Beef Wellington

Beef Wellington is a delicious culinary masterpiece that will bring a Rockwell presentation and wow factor to your holiday feast or dinner party. It also satisfies my weakness for “oohs and aahs” and the endless volley of compliments that follow!

Don’t be intimidated. It’s not that difficult to make, and I promise that on your big day the vast majority of your time can be spent enjoying family and friends.

What is a Beef Wellington?

A Beef Wellington is a classic English dish featuring the centre cut of a beef tenderloin – an absolute melt in your mouth roast of beef. The roast is wrapped in layers of flavour including prosciutto, finely chopped and sauteed mushrooms called a Duxelles, and sometimes pâté, like a foie gras (duck or goose pâté) – and finally, all wrapped within a buttery puff pastry. The outer layer is usually scored or decorated with an additional layer of pastry patterns and sometimes festive shapes for further effect.

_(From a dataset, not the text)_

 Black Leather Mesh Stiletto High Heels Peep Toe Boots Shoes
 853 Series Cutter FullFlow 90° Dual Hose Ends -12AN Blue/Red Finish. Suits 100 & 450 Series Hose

The result is a magnificent golden-brown log like parcel, that when sliced reveals a soft pink centre surrounded by layers of colours and textures. The presentation is outstanding and only surpassed by the depth of flavours.

My Favourite Wellington

With the exception of the final pastry layer and baking, I like to prepare the Wellington on the eve or even two days before the event.

There is no need for a lot of sides; we usually serve with creamy mashed potatoes and a salad or green vegetable like our favourite shredded brussels sprouts dish (press here for recipe link). We also like to serve with a red wine gravy – see here for details on how to make it.

Red wine gravy
Red wine gravy

Relax and enjoy the process.

You can have a lot of fun preparing this dish and don’t be afraid to involve family members, as the entire process is like a craft day!

This recipe will comfortably serve up to 9 people.

Ingredients:

Centre Cut Beef Tenderloin – This tenderloin was just under 3lbs, 9.5 inches in length and about 3.5 inches thick. I had it trimmed and trussed. Make sure to have it trussed, or do it yourself as you want it to hold together until the last moment before wrapping. This roast will serve up to 9 people when cut into 1 inch slices.

Beef
Beef tenderloin

Be sure to get the centre cut of the tenderloin, as it will provide the most uniform size for even cooking.

Tip: This cut of meat is not inexpensive. Watch for sales, as freezing over a reasonable amount of time will not impact the final outcome. Also, in our neck of the woods, butcher shops and food chains will often sell the entire tenderloin at a very good price. These can be trimmed and the centre cut pieced out and trussed with the remainder cut into steaks. There is a wealth of information online on how to properly do this.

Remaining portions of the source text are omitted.